ひとまずひとりで歩けそうだったので、わたしは身支度をするために洗面所に向かいました。
洗面所にはじーちゃんの布団やシーツが洗濯機の前に山積みになっていました。
土下座をしてしたのは、朝方に失禁をしてしまって母が片付けをしていることに対して謝っているようでした。じーちゃんが失敗した後は主に母が後始末をしてくれました。朝の忙しい時間に母の仕事を増やしてしまって申し訳なく思ったのでしょう。
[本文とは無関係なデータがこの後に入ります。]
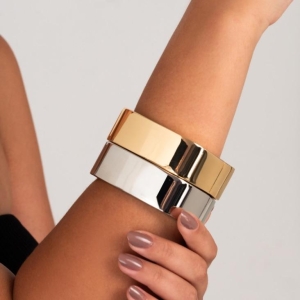 PULSEIRA MAXI BRACELETE LISO EM BANHO DE OURO 18K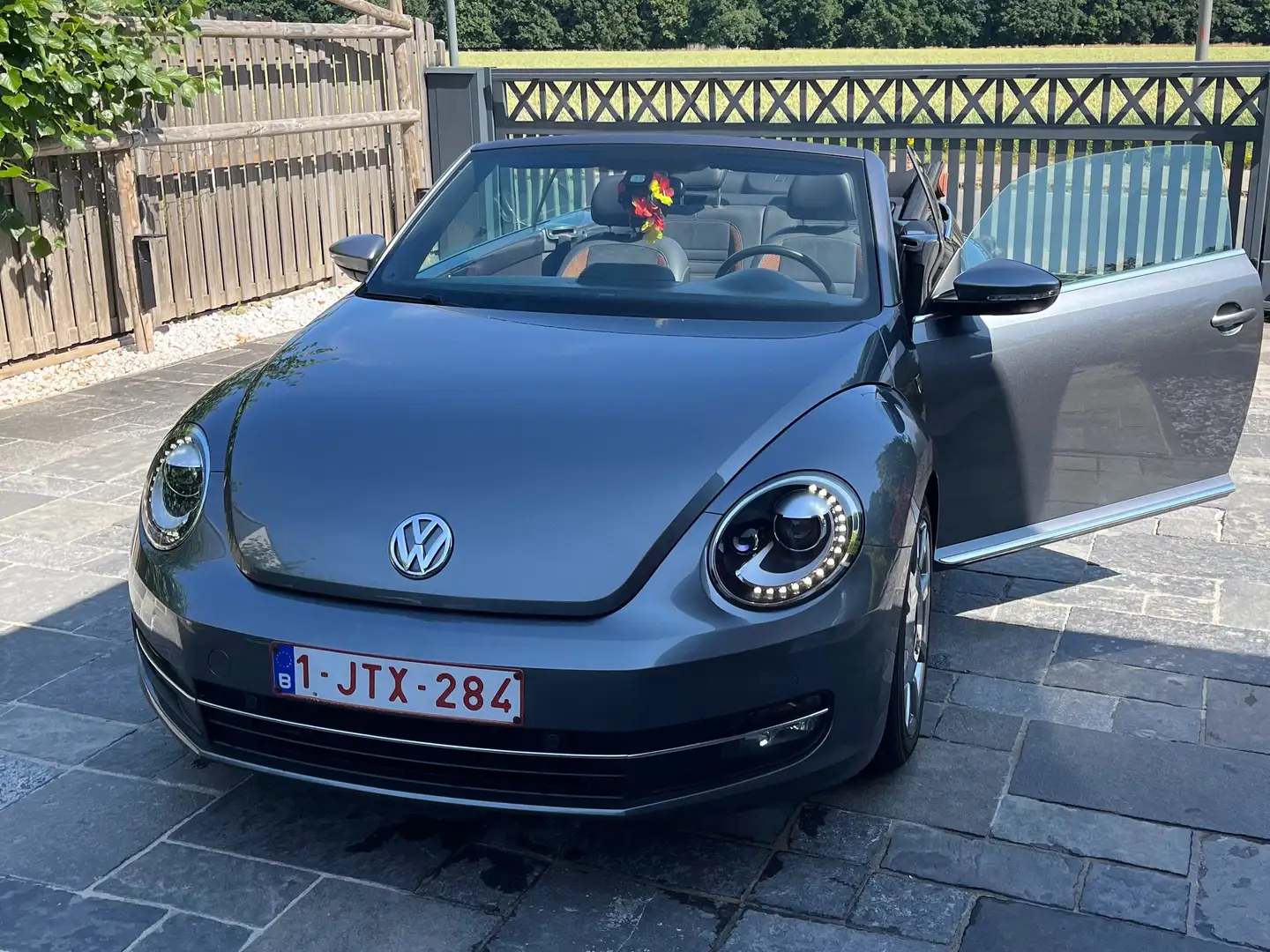Volkswagen Beetle Cabriolet 1.4 TSI Karmann BMT DSG Gris - 2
わたしも手伝えばよかったのですが、朝が弱く起きたときにはすでに両親が布団を洗ったりじーちゃんの着替えを済ませたりしていました。
失禁は何日も続きました。
悪気があるわけじゃないし、土下座させるほど追い込まなくても…
当時はこう思っていました。
家事+仕事でただでさえ暇がない母。そこに朝から夜中まで介護がのしかかって身体的にも精神的にも余裕がないのは少し考えればわかるはずなのに、わたしは気づきませんでした。
すべてやってくれる母に正直甘えていました。